───── DATA SHOWN
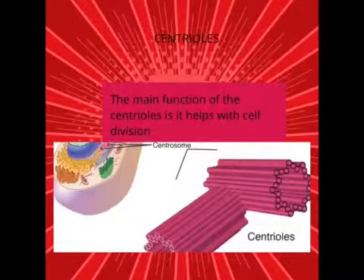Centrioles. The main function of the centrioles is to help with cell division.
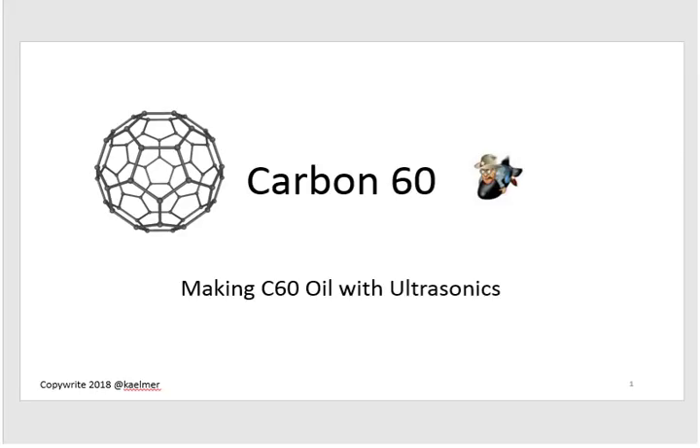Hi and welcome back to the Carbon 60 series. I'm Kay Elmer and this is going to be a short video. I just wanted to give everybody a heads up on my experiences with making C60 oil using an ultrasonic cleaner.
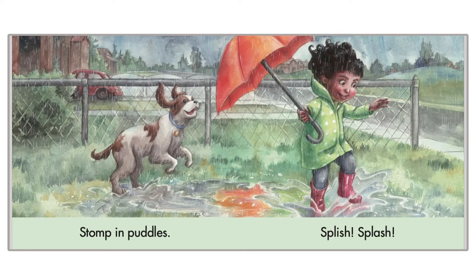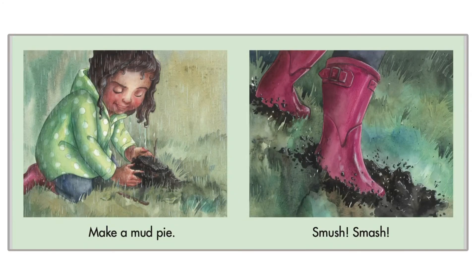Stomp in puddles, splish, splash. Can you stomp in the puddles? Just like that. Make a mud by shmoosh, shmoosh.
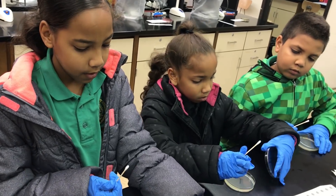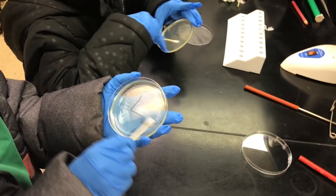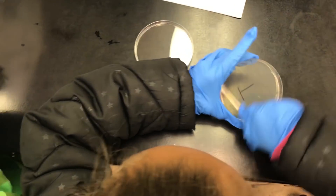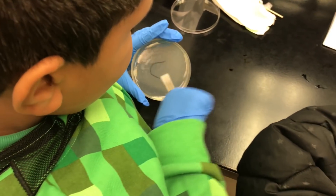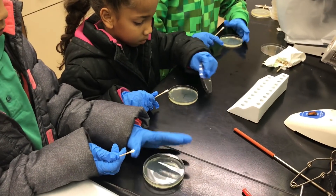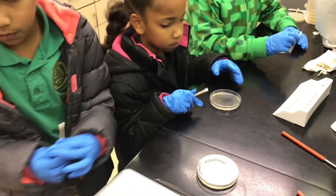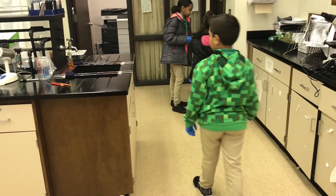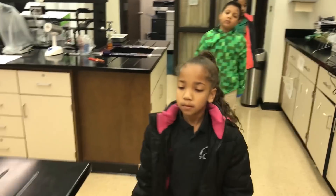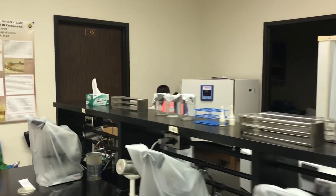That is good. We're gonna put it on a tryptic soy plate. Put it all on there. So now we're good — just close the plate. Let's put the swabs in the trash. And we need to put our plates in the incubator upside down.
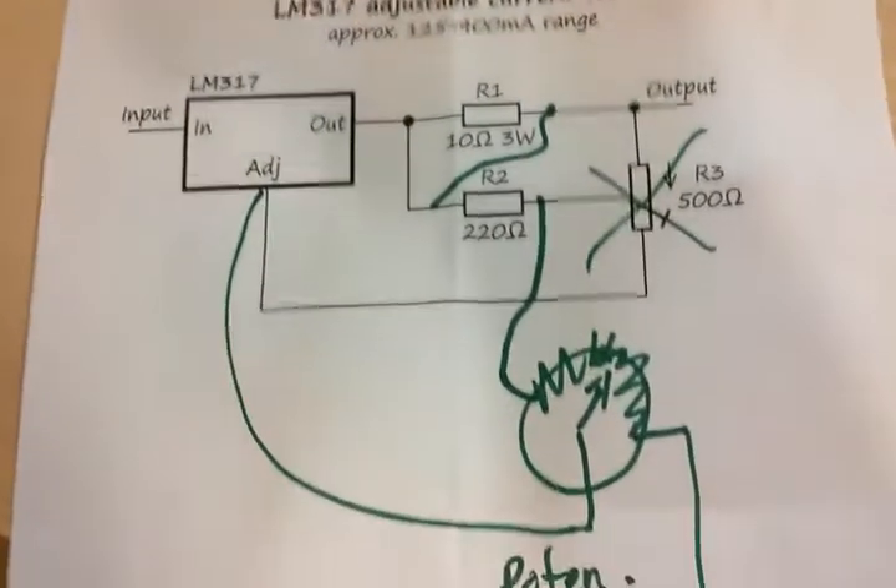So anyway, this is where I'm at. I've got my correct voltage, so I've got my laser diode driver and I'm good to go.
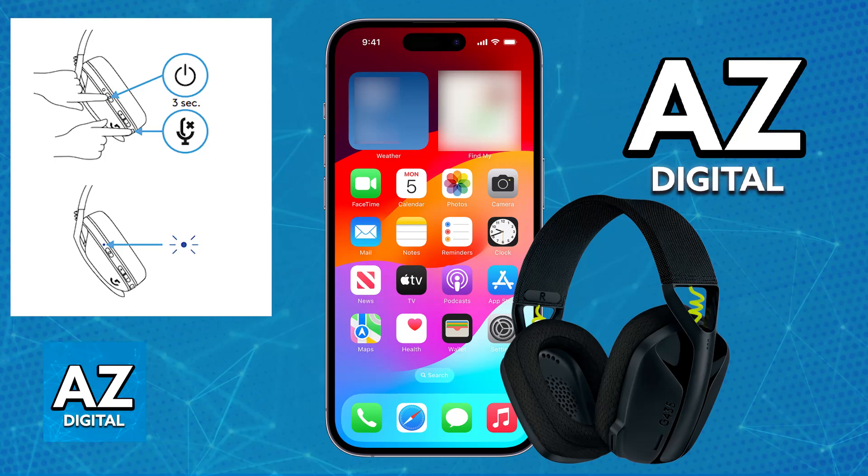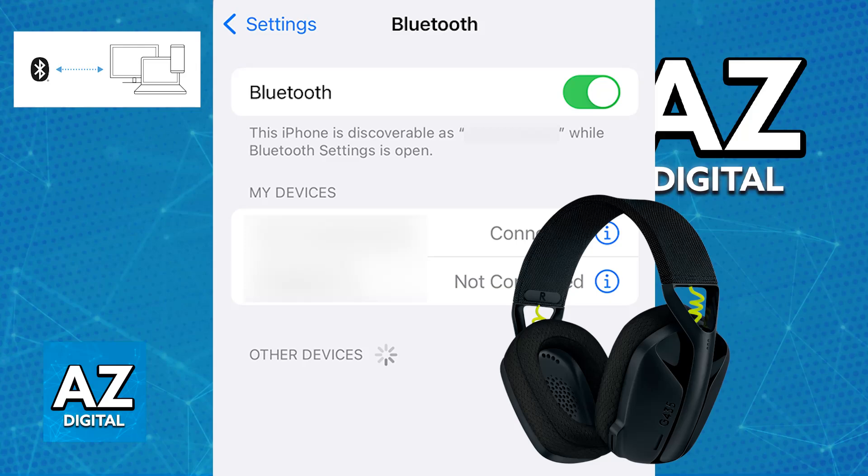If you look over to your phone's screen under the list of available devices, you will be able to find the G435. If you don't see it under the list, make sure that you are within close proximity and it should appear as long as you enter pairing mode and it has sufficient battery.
──────────
───── DATA SHOWN
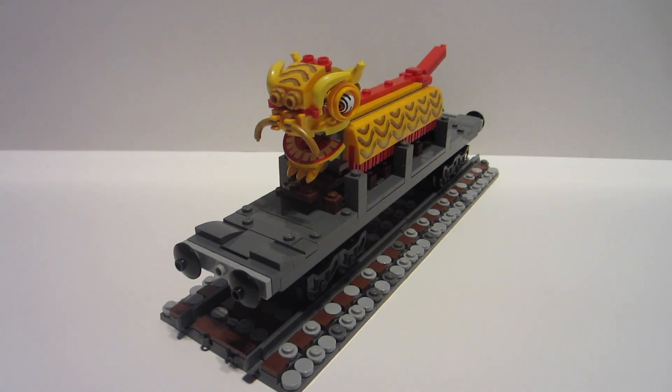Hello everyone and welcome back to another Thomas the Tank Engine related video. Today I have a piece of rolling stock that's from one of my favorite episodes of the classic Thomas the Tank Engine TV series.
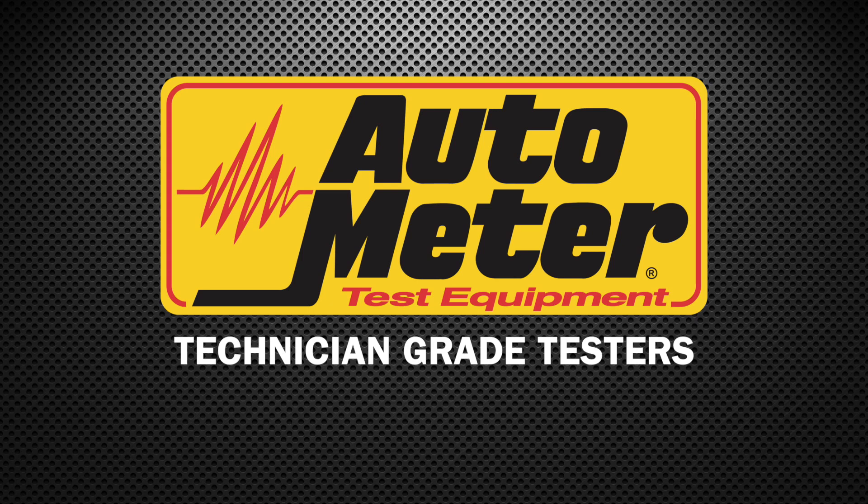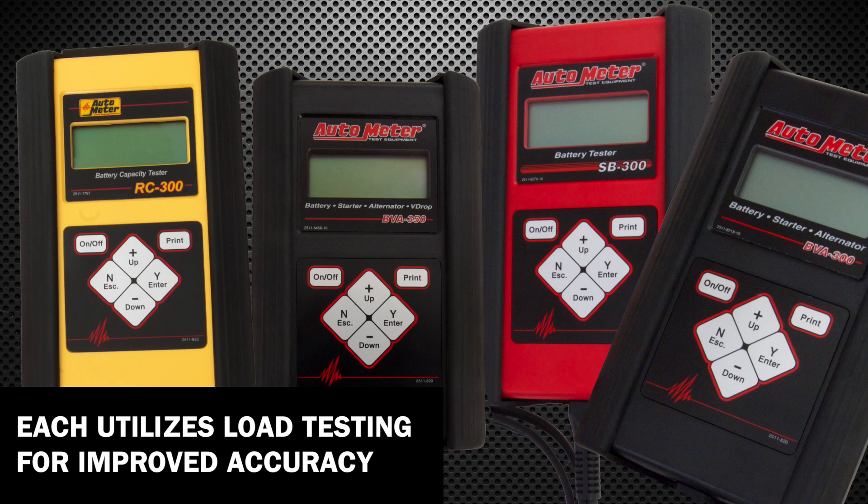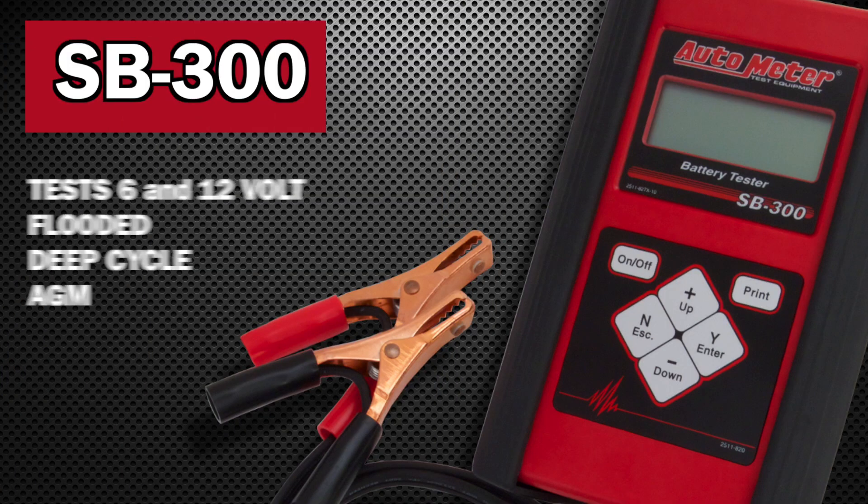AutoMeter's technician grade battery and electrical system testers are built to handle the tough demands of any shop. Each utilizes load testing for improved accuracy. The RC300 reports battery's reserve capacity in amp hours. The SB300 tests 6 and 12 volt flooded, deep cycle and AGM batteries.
──────────
- EXERCISE OBJECTIVE:
Given the records above, return the lines starting at the one that holds "Centrioles. The main" and ending at the one that holds "Hi and welcome", exactly, and nothing besides; leave every picture out.

- RESULT:
Centrioles. The main function of the centrioles is to help with cell division.
Hi and welcome back to the Carbon 60 series. I'm Kay Elmer and this is going to be a short video. I just wanted to give everybody a heads up on my experiences with making C60 oil using an ultrasonic cleaner.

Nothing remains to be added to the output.